WorkerPool¶
This section describes the different ways of creating and setting up a mpire.WorkerPool
instance.
Contents
Starting a WorkerPool¶
The mpire.WorkerPool
class controls a pool of worker processes similarly to a multiprocessing.Pool
. It
contains all the map
like functions (with the addition of mpire.WorkerPool.map_unordered()
), but currently
lacks the apply
and apply_async
functions.
An mpire.WorkerPool
can be started in two different ways. The first and recommended way to do so is using a
context manager:
from mpire import WorkerPool
# Start a pool of 4 workers
with WorkerPool(n_jobs=4) as pool:
# Do some processing here
pass
The with
statement takes care of properly joining/terminating the spawned worker processes after the block has
ended.
The other way is to do it manually:
# Start a pool of 4 workers
pool = WorkerPool(n_jobs=4)
# Do some processing here
pass
# Only needed when keep_alive=True:
# Clean up pool (this will block until all processing has completed)
pool.stop_and_join()
# In the case you want to kill the processes, even though they are still busy
pool.terminate()
When using n_jobs=None
MPIRE will spawn as many processes as there are CPUs on your system. Specifying more jobs
than you have CPUs is, of course, possible as well.
Warning
In the manual approach, the results queue should be drained first before joining the workers, otherwise you can get
a deadlock. If you want to join either way, use mpire.WorkerPool.terminate()

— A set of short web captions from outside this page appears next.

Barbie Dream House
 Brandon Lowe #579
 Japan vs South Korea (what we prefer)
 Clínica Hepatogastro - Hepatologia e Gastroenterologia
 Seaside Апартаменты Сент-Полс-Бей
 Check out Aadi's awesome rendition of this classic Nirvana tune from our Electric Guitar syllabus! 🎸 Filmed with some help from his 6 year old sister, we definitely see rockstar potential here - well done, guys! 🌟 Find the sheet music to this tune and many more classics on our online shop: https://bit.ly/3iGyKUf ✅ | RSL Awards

. For more information, see the
warnings in the Python docs here.
Nested WorkerPools¶
By default, the mpire.WorkerPool
class spawns daemon child processes who are not able to create child processes
themselves, so nested pools are not allowed. There’s an option to create non-daemon child processes to allow for nested
structures:
def job(...)
with WorkerPool(n_jobs=4) as p:
# Do some work
results = p.map(...)
with WorkerPool(n_jobs=4, daemon=True) as pool:
# This will raise an AssertionError telling you daemon processes
# can't start child processes
pool.map(job, ...)
with WorkerPool(n_jobs=4, daemon=False) as pool:
# This will work just fine
pool.map(job, ...)
Note
Nested pools aren’t supported when using threading.
Note
Due to a strange bug in Python, using forkserver
as start method in a nested pool is not allowed when the
outer pool is using fork
, as the forkserver will not have been started there. For it to work your outer pool
will have to have either spawn
or forkserver
as start method.
Warning
Nested pools aren’t production ready. Error handling and keyboard interrupts when using nested pools can, on some rare occassions (~1% of the time), still cause deadlocks. Use at your own risk.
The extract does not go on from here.